__Task details__:
In the entries below, find the line with "Mobile Phone Battery" and the line with "BREMBO P 06 100". Reproduce those two lines and every line between them exactly, and nothing more.

=-=-=

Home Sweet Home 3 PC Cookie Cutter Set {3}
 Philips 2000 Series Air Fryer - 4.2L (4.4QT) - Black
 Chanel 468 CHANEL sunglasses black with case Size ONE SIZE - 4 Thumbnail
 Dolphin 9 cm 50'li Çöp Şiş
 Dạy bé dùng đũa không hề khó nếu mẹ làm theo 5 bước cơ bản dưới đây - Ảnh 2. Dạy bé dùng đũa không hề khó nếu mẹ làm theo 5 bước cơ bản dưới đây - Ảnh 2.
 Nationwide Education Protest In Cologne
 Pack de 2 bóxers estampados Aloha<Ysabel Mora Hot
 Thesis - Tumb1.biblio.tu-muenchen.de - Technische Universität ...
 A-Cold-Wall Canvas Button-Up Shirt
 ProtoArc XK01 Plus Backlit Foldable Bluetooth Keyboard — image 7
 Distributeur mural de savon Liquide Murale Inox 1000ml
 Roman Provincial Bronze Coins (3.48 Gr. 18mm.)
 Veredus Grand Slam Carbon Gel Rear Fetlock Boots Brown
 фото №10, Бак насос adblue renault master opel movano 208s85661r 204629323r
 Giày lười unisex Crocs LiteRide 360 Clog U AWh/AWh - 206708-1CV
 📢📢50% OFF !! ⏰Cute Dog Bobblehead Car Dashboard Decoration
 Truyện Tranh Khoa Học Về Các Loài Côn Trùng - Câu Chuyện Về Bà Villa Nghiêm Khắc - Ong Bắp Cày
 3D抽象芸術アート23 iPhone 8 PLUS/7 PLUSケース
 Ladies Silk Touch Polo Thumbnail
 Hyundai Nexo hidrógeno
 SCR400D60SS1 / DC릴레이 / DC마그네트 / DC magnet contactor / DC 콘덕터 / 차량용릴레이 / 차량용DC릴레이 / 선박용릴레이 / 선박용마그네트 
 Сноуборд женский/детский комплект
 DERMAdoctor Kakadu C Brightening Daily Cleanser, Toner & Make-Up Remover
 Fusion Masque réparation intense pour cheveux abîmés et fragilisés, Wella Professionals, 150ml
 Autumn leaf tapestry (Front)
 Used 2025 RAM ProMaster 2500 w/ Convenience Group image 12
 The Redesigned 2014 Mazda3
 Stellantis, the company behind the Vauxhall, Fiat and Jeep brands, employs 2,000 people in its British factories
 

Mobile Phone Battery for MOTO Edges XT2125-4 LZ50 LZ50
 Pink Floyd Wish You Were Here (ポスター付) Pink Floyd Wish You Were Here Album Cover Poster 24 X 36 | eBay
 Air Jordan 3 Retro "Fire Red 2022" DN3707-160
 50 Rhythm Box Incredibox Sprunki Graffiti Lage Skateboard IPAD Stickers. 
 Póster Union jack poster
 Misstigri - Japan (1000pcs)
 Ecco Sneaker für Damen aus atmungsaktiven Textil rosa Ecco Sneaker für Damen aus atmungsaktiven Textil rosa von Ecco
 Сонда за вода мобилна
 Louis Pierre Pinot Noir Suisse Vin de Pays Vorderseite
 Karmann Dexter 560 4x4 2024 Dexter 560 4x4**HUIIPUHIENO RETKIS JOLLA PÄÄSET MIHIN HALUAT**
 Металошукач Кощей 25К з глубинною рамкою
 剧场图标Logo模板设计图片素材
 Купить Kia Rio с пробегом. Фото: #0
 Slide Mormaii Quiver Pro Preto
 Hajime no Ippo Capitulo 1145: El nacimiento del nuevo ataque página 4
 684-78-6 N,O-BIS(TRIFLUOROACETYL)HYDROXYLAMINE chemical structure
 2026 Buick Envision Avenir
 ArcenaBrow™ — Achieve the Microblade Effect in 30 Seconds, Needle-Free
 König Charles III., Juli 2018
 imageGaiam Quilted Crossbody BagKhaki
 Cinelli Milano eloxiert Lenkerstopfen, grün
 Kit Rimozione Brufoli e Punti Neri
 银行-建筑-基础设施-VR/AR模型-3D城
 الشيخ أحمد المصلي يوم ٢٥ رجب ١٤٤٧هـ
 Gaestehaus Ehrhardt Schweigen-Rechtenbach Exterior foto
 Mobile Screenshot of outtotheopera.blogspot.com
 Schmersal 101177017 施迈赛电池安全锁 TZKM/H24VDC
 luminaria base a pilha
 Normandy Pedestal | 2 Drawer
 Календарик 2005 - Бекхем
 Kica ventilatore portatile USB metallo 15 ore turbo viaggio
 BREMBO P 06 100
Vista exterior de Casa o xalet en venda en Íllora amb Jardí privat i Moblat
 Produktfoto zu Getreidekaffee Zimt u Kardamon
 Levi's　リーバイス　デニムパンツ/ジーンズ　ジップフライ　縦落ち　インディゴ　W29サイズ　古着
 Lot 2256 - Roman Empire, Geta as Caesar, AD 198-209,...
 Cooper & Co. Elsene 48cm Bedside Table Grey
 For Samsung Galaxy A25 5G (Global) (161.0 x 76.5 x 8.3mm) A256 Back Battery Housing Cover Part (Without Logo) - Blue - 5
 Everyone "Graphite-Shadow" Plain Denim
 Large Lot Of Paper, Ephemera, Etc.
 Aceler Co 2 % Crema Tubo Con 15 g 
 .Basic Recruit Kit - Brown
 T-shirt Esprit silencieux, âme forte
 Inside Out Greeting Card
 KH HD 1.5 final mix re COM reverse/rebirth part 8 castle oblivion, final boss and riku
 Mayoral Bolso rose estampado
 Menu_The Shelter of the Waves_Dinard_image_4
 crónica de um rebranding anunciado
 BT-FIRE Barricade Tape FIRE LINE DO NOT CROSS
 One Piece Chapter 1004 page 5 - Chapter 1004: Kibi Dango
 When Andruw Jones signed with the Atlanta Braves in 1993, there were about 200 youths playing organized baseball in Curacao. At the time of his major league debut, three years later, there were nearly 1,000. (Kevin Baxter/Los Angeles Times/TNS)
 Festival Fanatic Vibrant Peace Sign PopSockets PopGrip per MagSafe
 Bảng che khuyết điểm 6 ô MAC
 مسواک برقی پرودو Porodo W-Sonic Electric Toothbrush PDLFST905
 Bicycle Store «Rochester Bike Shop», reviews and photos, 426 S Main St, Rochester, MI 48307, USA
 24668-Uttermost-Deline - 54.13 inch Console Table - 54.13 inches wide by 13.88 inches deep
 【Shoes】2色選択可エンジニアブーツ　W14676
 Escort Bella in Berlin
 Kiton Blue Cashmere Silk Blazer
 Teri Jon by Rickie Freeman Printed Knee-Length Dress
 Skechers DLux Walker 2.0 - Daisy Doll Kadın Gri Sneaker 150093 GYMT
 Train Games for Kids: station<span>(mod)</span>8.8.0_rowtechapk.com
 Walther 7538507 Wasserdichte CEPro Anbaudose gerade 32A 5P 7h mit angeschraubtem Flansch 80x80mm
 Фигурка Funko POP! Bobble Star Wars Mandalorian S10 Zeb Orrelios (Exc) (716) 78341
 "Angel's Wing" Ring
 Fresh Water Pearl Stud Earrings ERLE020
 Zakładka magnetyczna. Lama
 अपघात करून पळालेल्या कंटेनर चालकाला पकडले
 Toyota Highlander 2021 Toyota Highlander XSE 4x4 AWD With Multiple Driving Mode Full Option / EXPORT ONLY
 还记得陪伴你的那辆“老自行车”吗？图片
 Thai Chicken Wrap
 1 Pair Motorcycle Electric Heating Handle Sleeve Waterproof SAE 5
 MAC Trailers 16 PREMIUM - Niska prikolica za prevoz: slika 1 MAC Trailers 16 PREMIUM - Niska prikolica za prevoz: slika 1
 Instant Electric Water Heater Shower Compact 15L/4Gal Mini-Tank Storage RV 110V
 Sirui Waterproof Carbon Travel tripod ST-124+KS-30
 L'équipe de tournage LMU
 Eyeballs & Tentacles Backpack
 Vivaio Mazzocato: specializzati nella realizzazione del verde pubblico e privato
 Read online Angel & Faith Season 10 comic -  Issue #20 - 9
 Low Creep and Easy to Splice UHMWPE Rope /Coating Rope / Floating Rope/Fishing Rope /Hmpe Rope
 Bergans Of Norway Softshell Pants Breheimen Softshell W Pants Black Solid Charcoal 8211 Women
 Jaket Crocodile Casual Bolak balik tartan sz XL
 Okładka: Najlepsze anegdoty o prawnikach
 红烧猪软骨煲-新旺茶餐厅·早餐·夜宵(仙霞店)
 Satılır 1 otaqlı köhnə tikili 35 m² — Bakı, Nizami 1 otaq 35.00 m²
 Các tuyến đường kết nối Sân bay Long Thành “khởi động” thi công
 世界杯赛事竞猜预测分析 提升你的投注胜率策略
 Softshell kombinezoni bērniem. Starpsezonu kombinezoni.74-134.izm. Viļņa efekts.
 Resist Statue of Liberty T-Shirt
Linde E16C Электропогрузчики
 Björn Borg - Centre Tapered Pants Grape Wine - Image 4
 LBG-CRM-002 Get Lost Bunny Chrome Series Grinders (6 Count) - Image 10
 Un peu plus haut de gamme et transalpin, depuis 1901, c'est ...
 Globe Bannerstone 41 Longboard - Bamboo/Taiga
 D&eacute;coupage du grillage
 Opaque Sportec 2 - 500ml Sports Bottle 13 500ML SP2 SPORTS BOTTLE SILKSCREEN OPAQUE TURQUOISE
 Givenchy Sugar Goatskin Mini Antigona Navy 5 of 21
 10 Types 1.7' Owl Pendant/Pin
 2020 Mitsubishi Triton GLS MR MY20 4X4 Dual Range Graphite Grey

=-=-=

__Exercise solution__:
Mobile Phone Battery for MOTO Edges XT2125-4 LZ50 LZ50
 Pink Floyd Wish You Were Here (ポスター付) Pink Floyd Wish You Were Here Album Cover Poster 24 X 36 | eBay
 Air Jordan 3 Retro "Fire Red 2022" DN3707-160
 50 Rhythm Box Incredibox Sprunki Graffiti Lage Skateboard IPAD Stickers. 
 Póster Union jack poster
 Misstigri - Japan (1000pcs)
 Ecco Sneaker für Damen aus atmungsaktiven Textil rosa Ecco Sneaker für Damen aus atmungsaktiven Textil rosa von Ecco
 Сонда за вода мобилна
 Louis Pierre Pinot Noir Suisse Vin de Pays Vorderseite
 Karmann Dexter 560 4x4 2024 Dexter 560 4x4**HUIIPUHIENO RETKIS JOLLA PÄÄSET MIHIN HALUAT**
 Металошукач Кощей 25К з глубинною рамкою
 剧场图标Logo模板设计图片素材
 Купить Kia Rio с пробегом. Фото: #0
 Slide Mormaii Quiver Pro Preto
 Hajime no Ippo Capitulo 1145: El nacimiento del nuevo ataque página 4
 684-78-6 N,O-BIS(TRIFLUOROACETYL)HYDROXYLAMINE chemical structure
 2026 Buick Envision Avenir
 ArcenaBrow™ — Achieve the Microblade Effect in 30 Seconds, Needle-Free
 König Charles III., Juli 2018
 imageGaiam Quilted Crossbody BagKhaki
 Cinelli Milano eloxiert Lenkerstopfen, grün
 Kit Rimozione Brufoli e Punti Neri
 银行-建筑-基础设施-VR/AR模型-3D城
 الشيخ أحمد المصلي يوم ٢٥ رجب ١٤٤٧هـ
 Gaestehaus Ehrhardt Schweigen-Rechtenbach Exterior foto
 Mobile Screenshot of outtotheopera.blogspot.com
 Schmersal 101177017 施迈赛电池安全锁 TZKM/H24VDC
 luminaria base a pilha
 Normandy Pedestal | 2 Drawer
 Календарик 2005 - Бекхем
 Kica ventilatore portatile USB metallo 15 ore turbo viaggio
 BREMBO P 06 100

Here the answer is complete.